As this is a Battlefield game, the weapons and variety are to be commended once again. There are five character classes in the game and each class has the ability to use weapons which include sniper rifles, shotguns and bazookas. Vehicles, which have become a necessity in first person shooter titles are back in force with Modern Combat, and there are a large variety of vehicles to travel around in.
Multiplayer was such a huge feature of Battlefield 2, which is why we're a little puzzled by the multiplayer features in Modern Combat, really they just feel a little stripped down in comparison to the PC version. Battlefield 2: Modern Combat allows for up to 24 players to play on Xbox Live at once, you're only able to actually play a conquest mode (which is as simple as catching and holding spawn points) and a capture the flag mode. This game could have become an incredible multiplayer title, much like the PC cousin, so it's definitely disappointing that it feels like the multiplayer componant has been stripped down. When this game was first announced in 2004 no single player mode was included, we can only assume that EA realised how short the game would have been without a single player campaign.
Gameplay wise the game is fairly solid, alhough it does feel noticably different to Battlefield 2 on the PC, the game actually feels more like an arcade title without any real strategy elements. The hot swap feature is brilliant in battle and will help to set a precedent within the FPS genre. However, all of the weapons feel basically the same and some of the shooting feels a little unbalanced. Scaling back the environments has also meant the game runs at a smooth frame-rate, which seems like a fairly reasonable trade off.
The graphics aren't impressive by any stretch of the imagination. The environments themselves are huge, which does make the environments feel more atmospheric. The environments are deceptive though, as there isn't much detail in the environments and this can leave them very blocky if you zoom up close. There is a lot happening in each level, such as explosives which does make it feel like you're only one man in a huge war.
The sound is actually a bit of a hit and miss affair. The soundtrack itself is actually fairly epic, and is suited very well to the game, we never felt like the music was out of place, nor did we become annoyed by the music. The voice acting however is on the other side of the scale. It is repetitive and monotonous, it feels like the Chinese soldiers in particular are already dead, and it's disappointing as it really does take away from the entire game.
The game itself also won't last as long as you might hope either. The single player campaign will last a decent ten to fifteen hours.
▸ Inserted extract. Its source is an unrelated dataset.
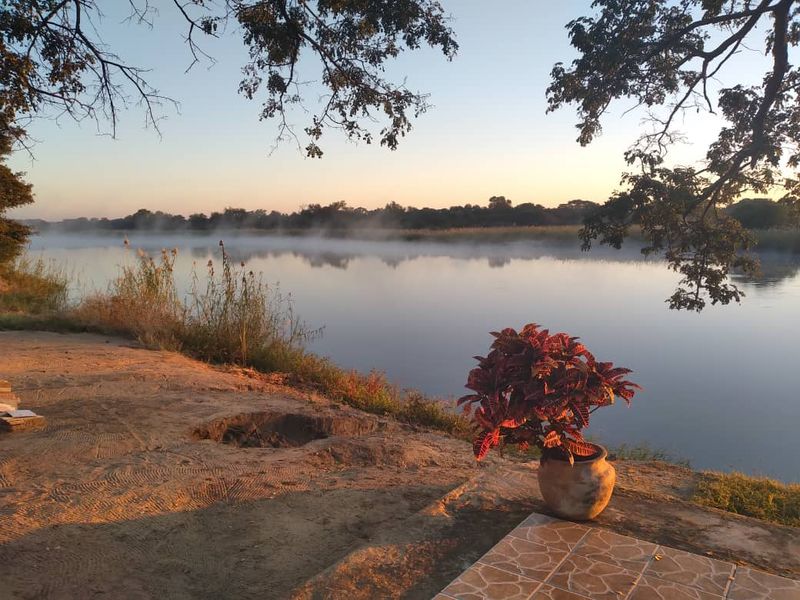 PERFECTLY LOCATED RIVER VIEW PLOT FOR SALE – RUNDU - Photo 3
Unfortunately the multiplayer options are really sparce, which makes it a little difficult to recommend as a must have just for multiplayer. It's disappointing (albeit necessary) that the game's touted "hotswap" feature cannot be used in multiplayer, which means that the single player campaign could actually be more entertaining than the multiplayer. Unfortunately, aside from trying to improve your previous effort, there isn't too much to draw you back to the single player mode after you've played through it once.
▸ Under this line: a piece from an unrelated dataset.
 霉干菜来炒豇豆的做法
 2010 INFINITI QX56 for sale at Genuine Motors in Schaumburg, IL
Battlefield: Modern Combat is a decent title, but it isn't brilliant. There is a flood of first person shooters on the consoles now and Modern Combat doesn't do enough to differentiate itself from the dozens of others. Something has been lost in the transition to the consoles, and we can't quite work out exactly what it is, but we think that the poor visuals, scaled back multiplayer and clunky (at times) single player campaign may be to do it with it. If you're a fan of the series on the PC then it may be advisable to rent the game first, just because it isn't going to be loved by everyone.